A person with knowledge of GM’s plans said the move will enable the Wentzville plant to build roughly 40,000 additional Colorados and Canyons in 2017. GM spokesman Tom Wickham declined to comment, beyond saying that production of the pickups would be increased.
In a statement, Cathy Clegg, GM’s head of manufacturing and labor relations in North America, said the Navistar deal “will provide our Wentzville, Mo., assembly plant more flexibility to keep up with continued demand for mid-size trucks and full size vans.”
GM’s discussions last year with contract manufacturer AM General to build cutaway models didn’t pan out, the source said.

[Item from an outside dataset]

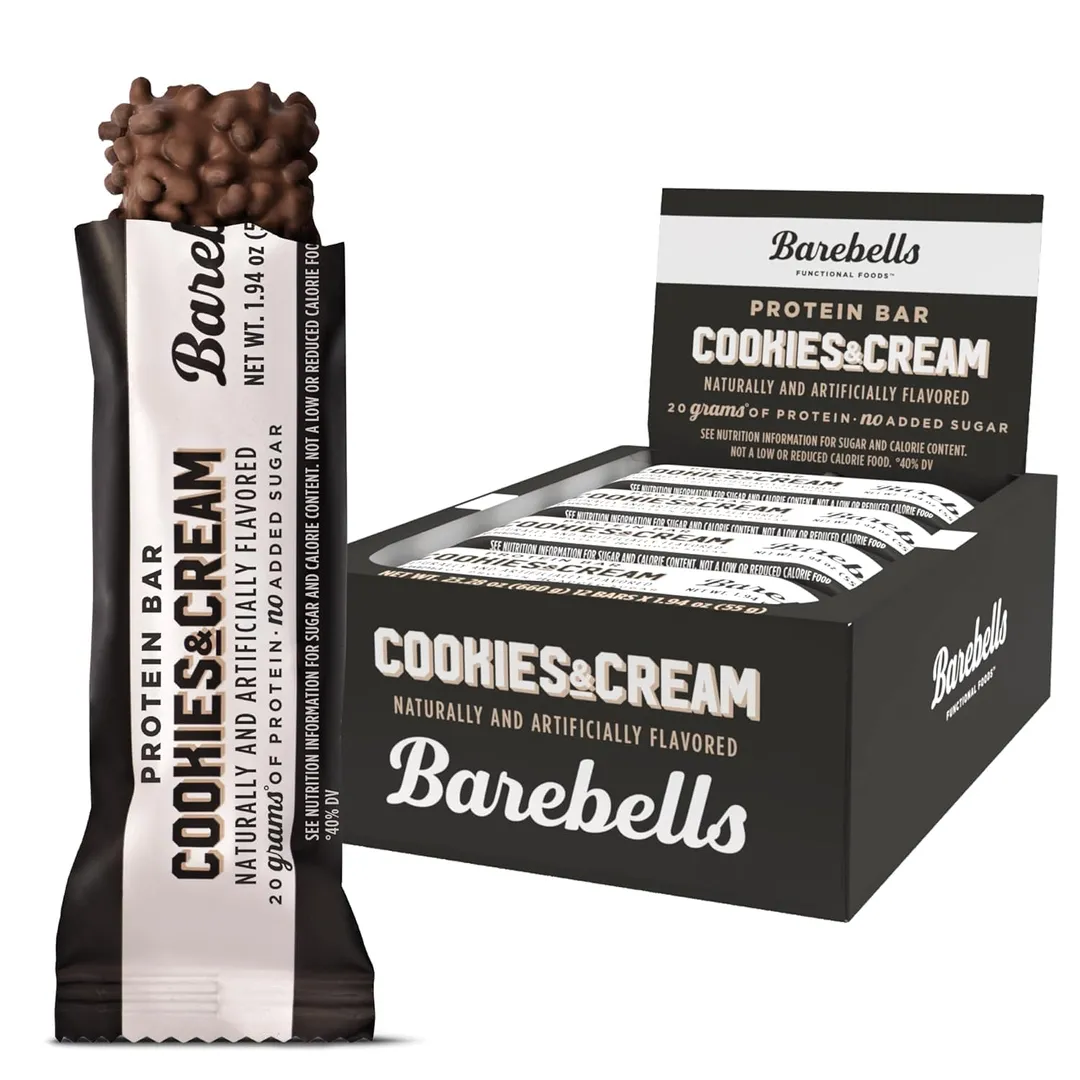 Barebells Protein Bars Cookies & Cream 1.94 oz 12 ct
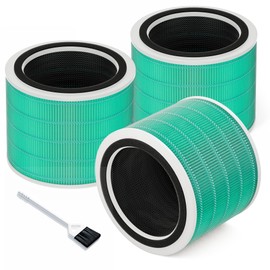 Core 200S Toxin Absorber Replacement Filter for LEVOIT Core 200S Smart WiFi Air Purifier, Funmit 3-in-1 H13 True HEPA Filter Replacement and High-Efficiency Activated Carbon, Part#Core 200S-RF, 3 Pack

Automotive News reported in November that a note distributed to workers in Wentzville said GM was “studying a partnership” with Indiana-based AM General for cutaway production.
Cutaway models are incomplete versions sold to upfitters for a specific use, such as an ambulance. They account for roughly one-third of the vans built in Wentzville, the source said.
Combined, GM sold 56,142 Colorados and Canyons in the U.S. through the first five months of the year. It sold 36,639 Express and Savana vans combined in the same period.
GM has strained to keep pace with demand for the midsize pickups since they were launched in fall 2014. Inventories remain tight: There was a 41-day supply of Colorados on dealer lots or en route to stores as of June 1, according to the Automotive News Data Center. There was a 58-day supply of Canyons.
The Wentzville plant will continue to assemble the cab for the cutaway models, which will be shipped to Navistar to attach it to the chassis and install the interior, Wickham said. He declined to discuss the projected volume that Navistar will produce.
Navistar CEO Troy Clarke was a 35-year GM executive before going to Navistar in 2010. He became CEO at Navistar in 2013. He last served GM in 2009 as president of GM North America.